### Source data
--*--

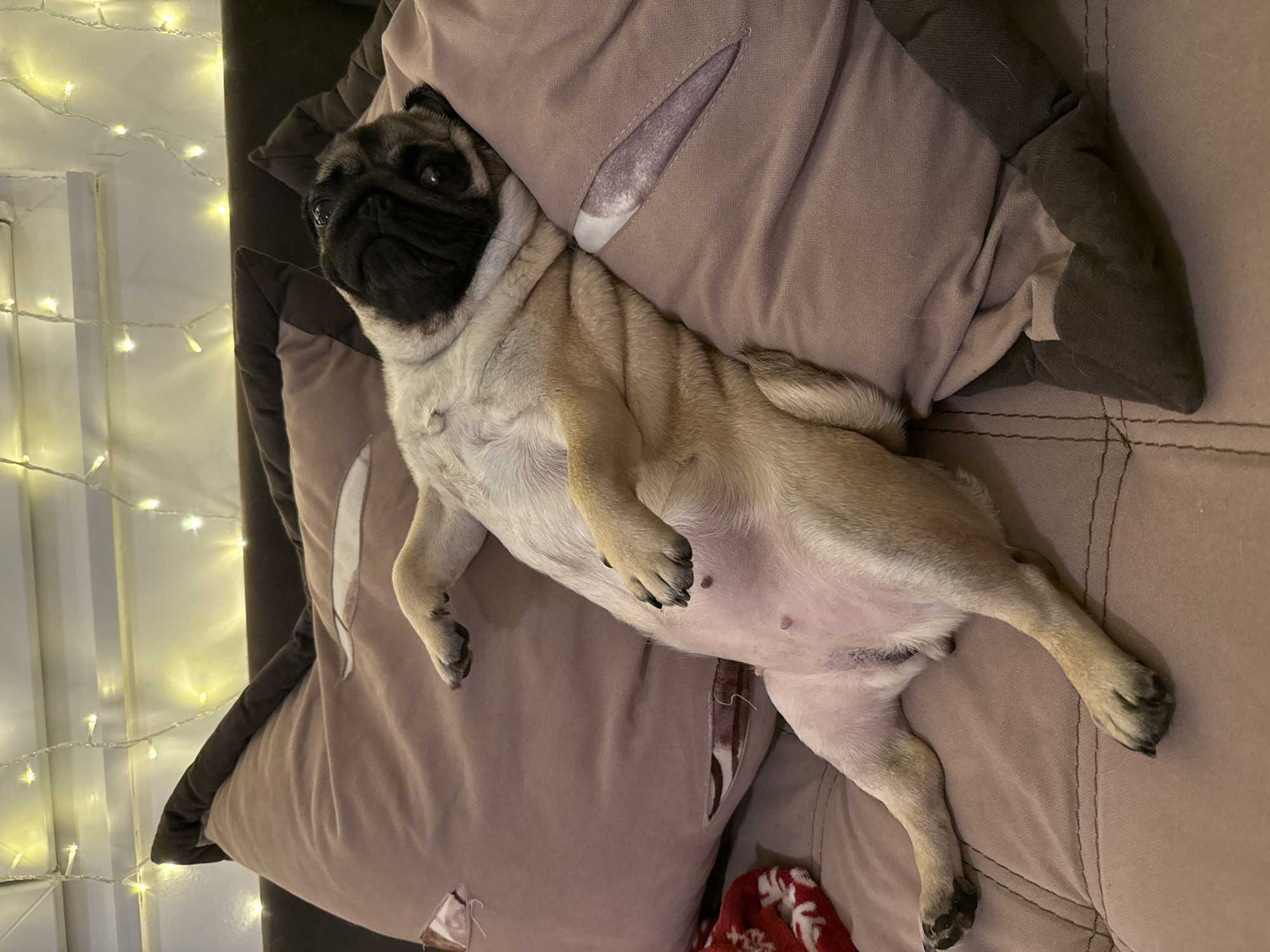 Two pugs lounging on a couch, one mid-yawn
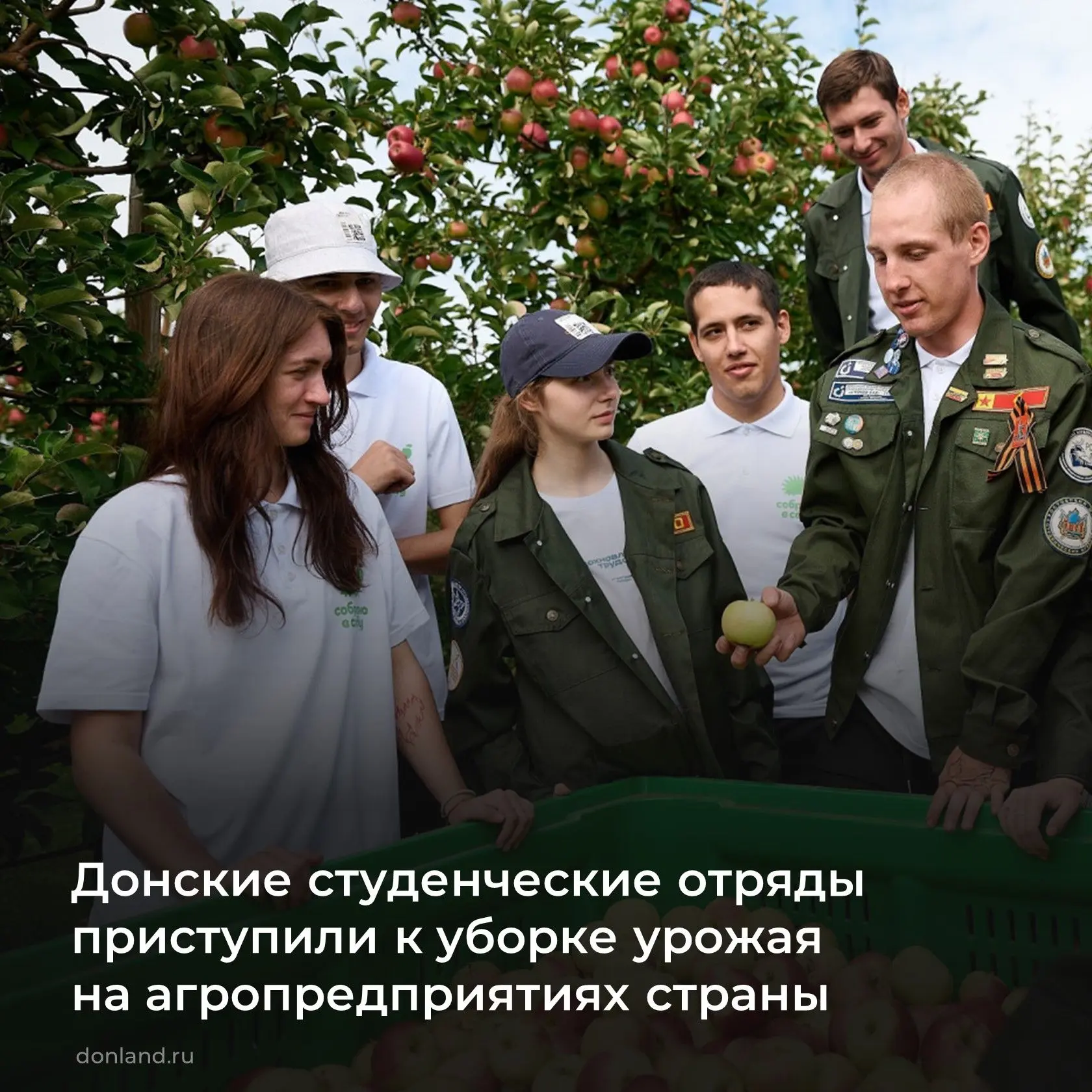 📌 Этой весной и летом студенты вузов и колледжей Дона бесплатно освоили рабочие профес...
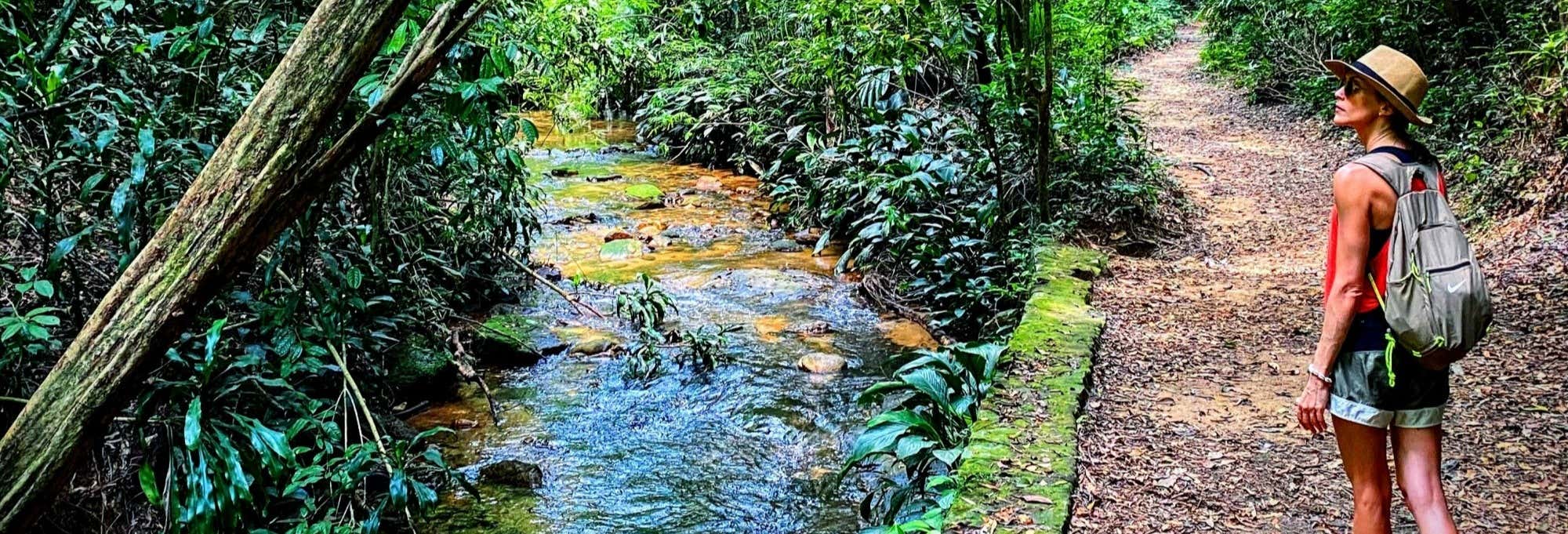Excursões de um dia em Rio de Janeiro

--*--

### Task objective
Reproduce every line of the material precisely, omitting its pictures.

### Problem solution
 Two pugs lounging on a couch, one mid-yawn
 📌 Этой весной и летом студенты вузов и колледжей Дона бесплатно освоили рабочие профес...
Excursões de um dia em Rio de Janeiro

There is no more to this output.